The important point here is that the combination of the pt_regs and switch_stack structures contain the full user-level state (machine context). The pt_regs structure obviously contains user-level state, since it is created right on entry to the kernel. For the switch_stack structure, this is also true but less obvious: it is true because at the time the switch_stack structure is created, the kernel stack is empty apart from the pt_regs structure. Since there are no intermediate call frames, the preserved registers must by definition contain the original user-level state.

Signal-delivery requires access to the full user-level state for two reasons:

if the signal results in a core dump, the user-level state needs to be written to the core file;
if the signal results in the invocation of a signal handler, the user-level state needs to be stored in the sigcontext structure.

5.1.2 Performance Considerations

Figure 4: Steps taken during signal delivery

The problem with the canonical way of delivering a signal is that it entails a fair amount of redundant moving of state between registers and memory.
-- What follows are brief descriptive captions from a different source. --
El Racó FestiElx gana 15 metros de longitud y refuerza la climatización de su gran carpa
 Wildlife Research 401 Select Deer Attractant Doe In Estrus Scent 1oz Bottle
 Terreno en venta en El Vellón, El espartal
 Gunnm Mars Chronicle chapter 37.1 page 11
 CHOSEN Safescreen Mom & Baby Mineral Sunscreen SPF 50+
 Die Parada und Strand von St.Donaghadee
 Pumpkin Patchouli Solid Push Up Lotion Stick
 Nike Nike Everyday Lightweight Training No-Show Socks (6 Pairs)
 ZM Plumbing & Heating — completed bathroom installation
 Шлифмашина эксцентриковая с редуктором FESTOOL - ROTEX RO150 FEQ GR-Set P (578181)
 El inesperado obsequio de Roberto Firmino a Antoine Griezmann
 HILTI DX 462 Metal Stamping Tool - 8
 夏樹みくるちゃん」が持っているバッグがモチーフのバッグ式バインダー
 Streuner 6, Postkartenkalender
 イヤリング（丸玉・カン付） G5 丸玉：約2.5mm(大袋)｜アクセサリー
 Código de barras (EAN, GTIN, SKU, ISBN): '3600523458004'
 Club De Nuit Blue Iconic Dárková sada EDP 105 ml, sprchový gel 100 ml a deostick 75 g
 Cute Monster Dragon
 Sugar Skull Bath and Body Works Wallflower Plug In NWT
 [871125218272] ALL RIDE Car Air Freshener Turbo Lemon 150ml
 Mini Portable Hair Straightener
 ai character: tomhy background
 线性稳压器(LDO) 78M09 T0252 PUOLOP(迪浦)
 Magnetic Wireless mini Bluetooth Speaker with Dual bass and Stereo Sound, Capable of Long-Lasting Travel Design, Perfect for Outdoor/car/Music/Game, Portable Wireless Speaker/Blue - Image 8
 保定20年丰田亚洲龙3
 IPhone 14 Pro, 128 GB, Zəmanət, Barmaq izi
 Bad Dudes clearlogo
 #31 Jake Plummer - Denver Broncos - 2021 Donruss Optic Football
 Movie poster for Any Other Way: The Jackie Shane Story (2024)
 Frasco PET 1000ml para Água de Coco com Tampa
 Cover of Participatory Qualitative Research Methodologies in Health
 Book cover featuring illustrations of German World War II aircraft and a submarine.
For example, as illustrated in Figure 4, the preserved registers:

get saved on the kernel stack in preparation for signal delivery
get copied to the user-level stack in preparation for invoking a signal handler
get copied back to the kernel stack on return from a signal-handler
need to be restored from the kernel-stack upon returning execution to user level.

On architectures with small numbers of architected registers, redundant copying of registers is not a big issue, particularly since their contents is likely to be hot in the cache anyway. However, with Itanium's large register file, the cost of copying registers can be high.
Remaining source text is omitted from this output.